Monitor Red Hat Gluster Storage With Datadog | Datadog

Monitor Red Hat Gluster Storage with Datadog

Author Thomas Sobolik

Published: February 17, 2021

Red Hat Gluster Storage is a distributed file system, built on GlusterFS and operated by Red Hat for Linux environments. With its focus on scalability, low cost, and deployment flexibility across physical, virtual, and cloud-based environments, organizations use Gluster Storage in a variety of high-scale, unstructured data storage applications.

Datadog now integrates with Red Hat Gluster Storage, so you can get comprehensive visibility into the health of your clusters and their constituent nodes, volumes, and bricks. The integration ingests key metrics from Red Hat Gluster Storage’s gstatus command line tool, as well as cluster logs, allowing you to monitor, alert on, and correlate data for your Gluster file system alongside telemetry from the rest of your stack. Once you’ve enabled the integration, our out-of-the-box dashboard visualizes health and disk usage metrics for the objects in your cluster, providing a high-level overview of your deployment’s health.

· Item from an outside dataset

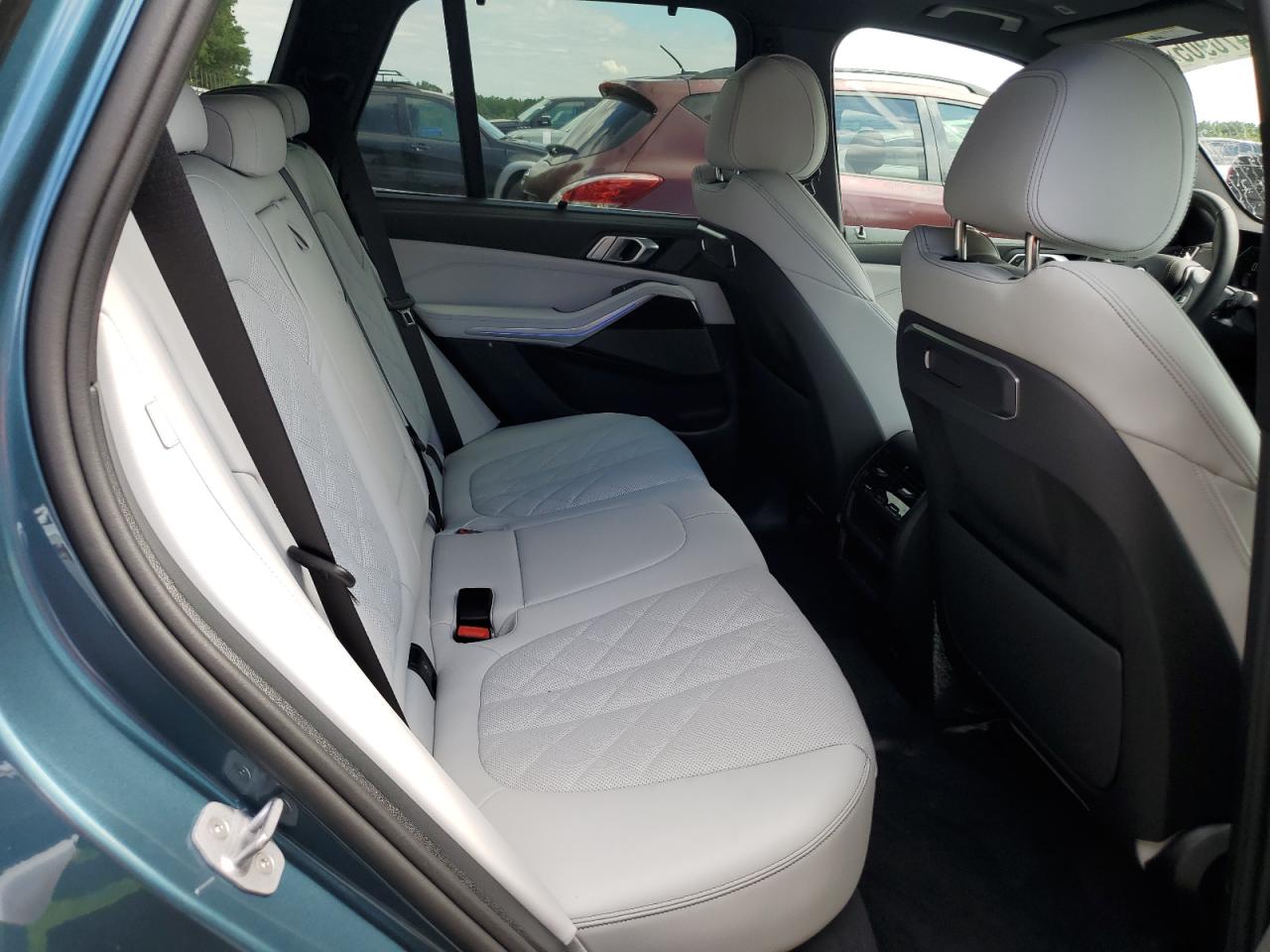 2025 BMW X5 Sdrive 40I VIN: 5UX13EU06S9Z12437 Lot: 64470905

Use Datadog’s out-of-the-box Red Hat Gluster Storage dashboard to get a top-level view of your cluster's health.

Scale out smartly

A primary feature of Red Hat Gluster Storage is its ability to scale linearly without loss of performance. It uses an elastic hashing algorithm to locate files instead of a traditional metadata server, which often becomes a performance bottleneck and a central point of failure as systems scale out. Red Hat Gluster Storage clusters are comprised of volumes that are abstracted across nodes and form what’s called the shared storage pool. As your volumes fill up, you’ll need to consider expanding the shared storage pool by adding more more nodes to your cluster (and potentially more volumes, as your nodes-per-volume grows). With Datadog, you can monitor the available disk space and the percentage of space used across your volumes to determine if you need to scale out your file system.

Track the disk usage of your volumes, as well as the brick size, to determine if your configuration is optimal for the dataset.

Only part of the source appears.